Provided material
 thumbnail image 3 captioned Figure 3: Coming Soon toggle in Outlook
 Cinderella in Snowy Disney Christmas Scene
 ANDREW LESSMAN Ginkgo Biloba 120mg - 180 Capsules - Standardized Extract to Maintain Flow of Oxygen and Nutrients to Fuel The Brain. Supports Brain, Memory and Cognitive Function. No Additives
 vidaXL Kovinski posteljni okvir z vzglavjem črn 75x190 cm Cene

* * *

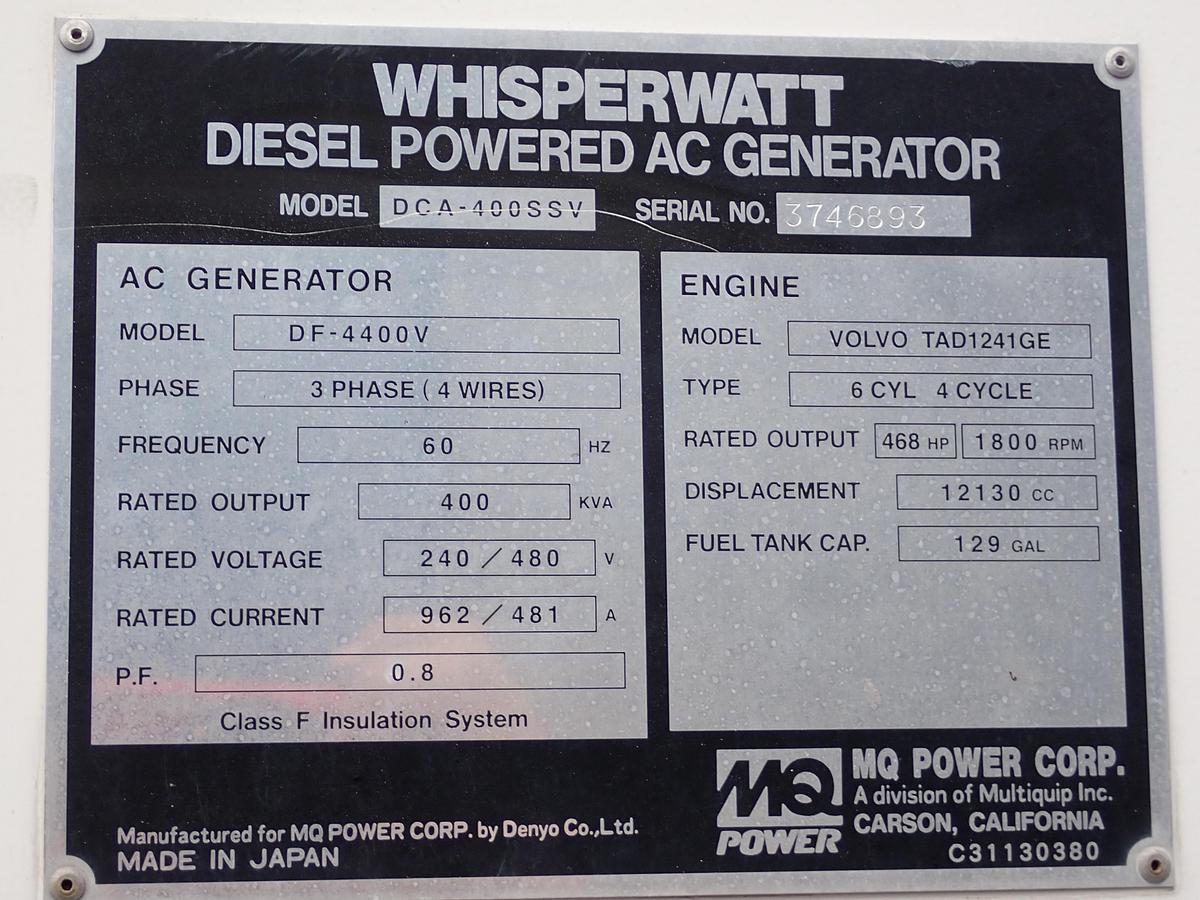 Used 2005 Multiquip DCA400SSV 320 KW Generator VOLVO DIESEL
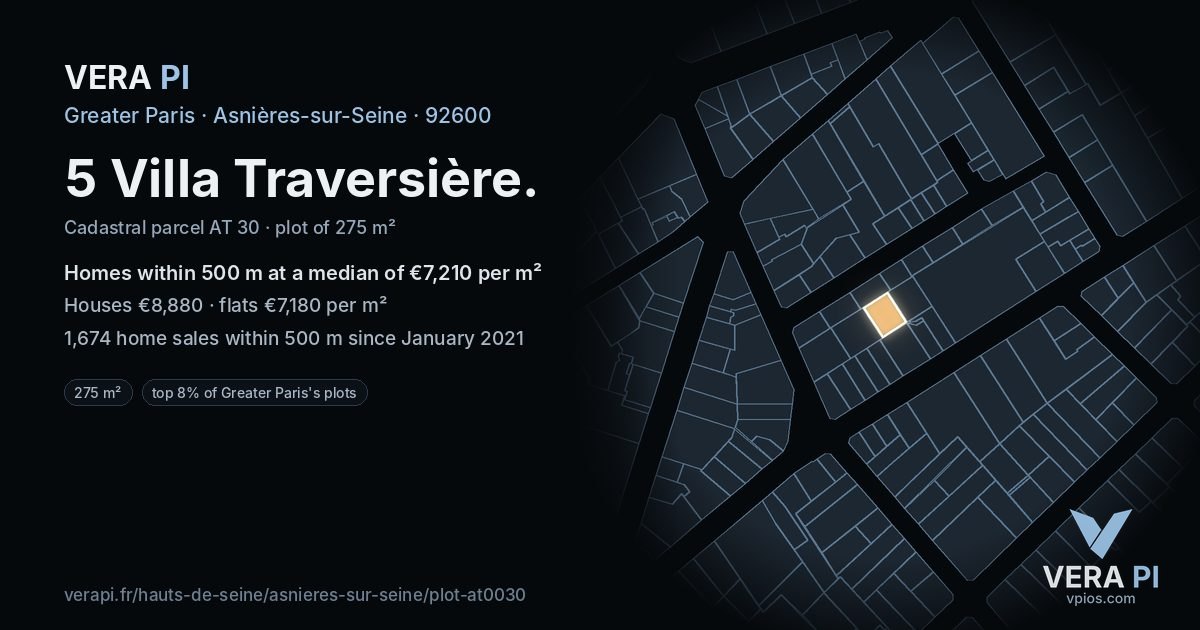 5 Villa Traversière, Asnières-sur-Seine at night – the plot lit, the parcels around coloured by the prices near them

Task description
Within the listing above, the range opens at the line with "Cinderella in Snowy Disney Christmas Scene" and closes at the line with "vidaXL Kovinski posteljni". Reproduce exactly the lines of that range, including both ends.

Answer section
 Cinderella in Snowy Disney Christmas Scene
 ANDREW LESSMAN Ginkgo Biloba 120mg - 180 Capsules - Standardized Extract to Maintain Flow of Oxygen and Nutrients to Fuel The Brain. Supports Brain, Memory and Cognitive Function. No Additives
 vidaXL Kovinski posteljni okvir z vzglavjem črn 75x190 cm Cene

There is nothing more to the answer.